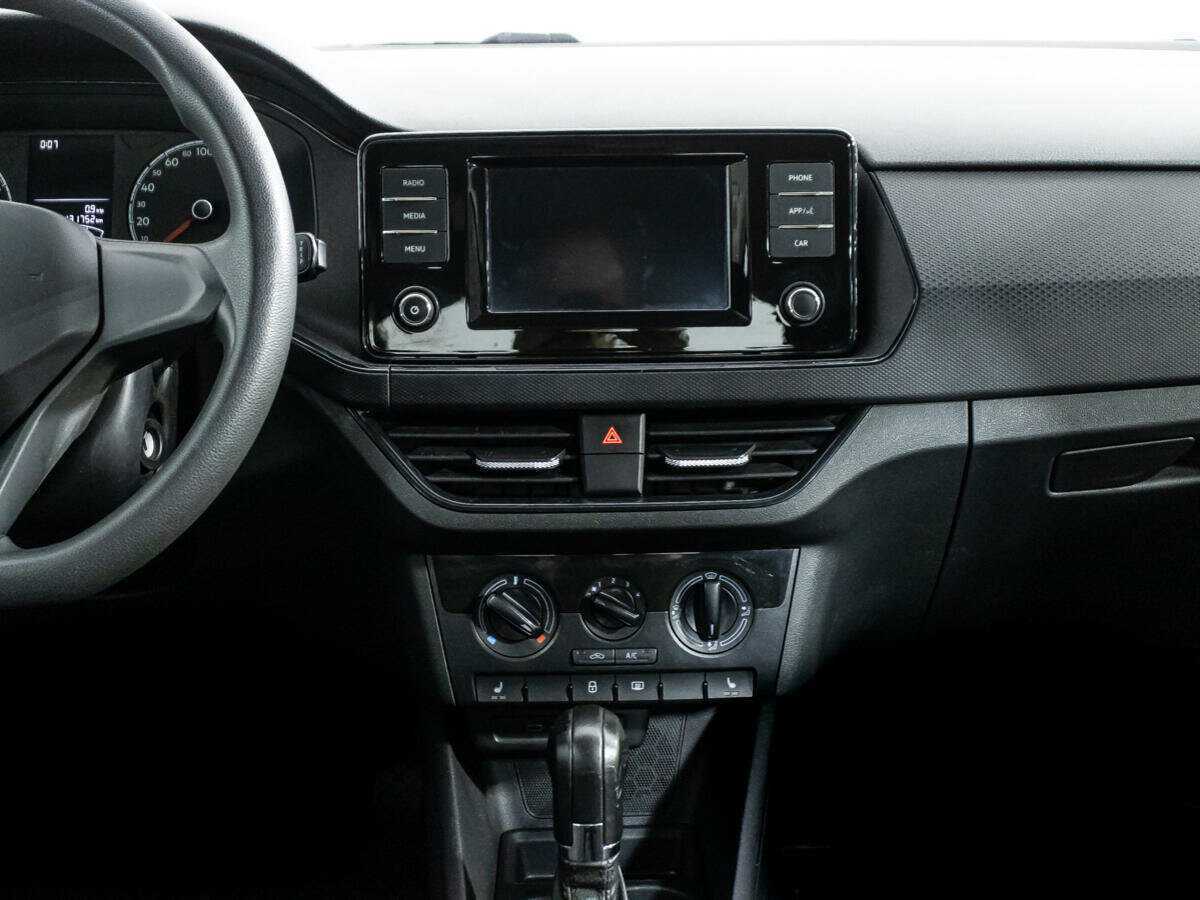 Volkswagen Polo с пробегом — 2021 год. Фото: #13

---

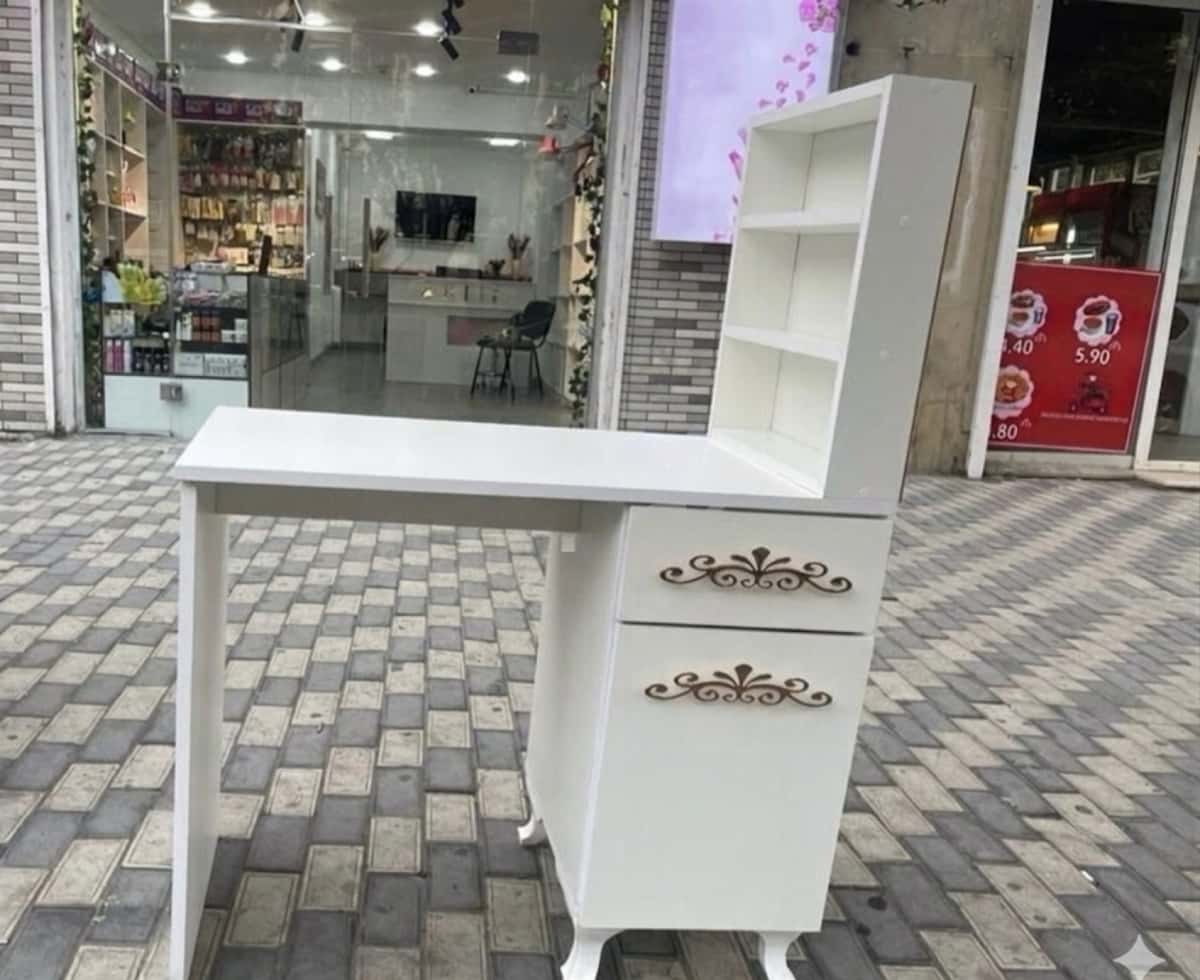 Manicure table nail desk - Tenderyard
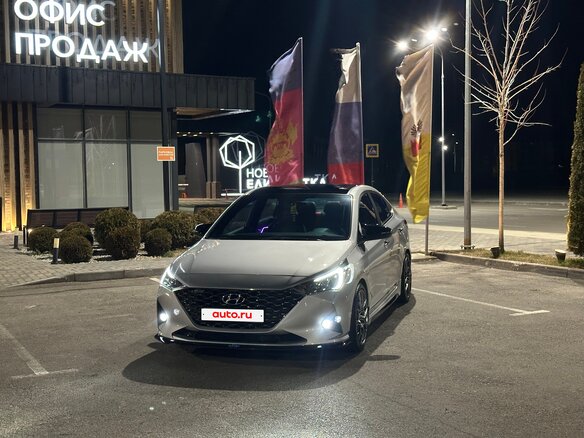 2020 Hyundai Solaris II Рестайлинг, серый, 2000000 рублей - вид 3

...

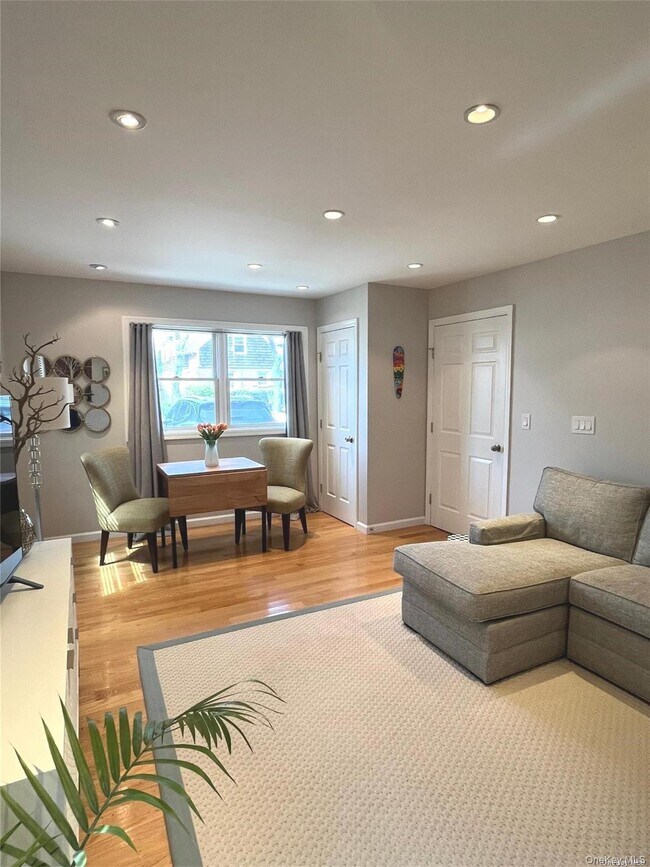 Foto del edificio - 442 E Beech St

Task brief: Word for word, restate the lines above from the one with "Manicure table nail desk - Tenderyard" through the one with "2020 Hyundai Solaris", keeping both ends and dropping the pictures.

Expected output:
 Manicure table nail desk - Tenderyard
 2020 Hyundai Solaris II Рестайлинг, серый, 2000000 рублей - вид 3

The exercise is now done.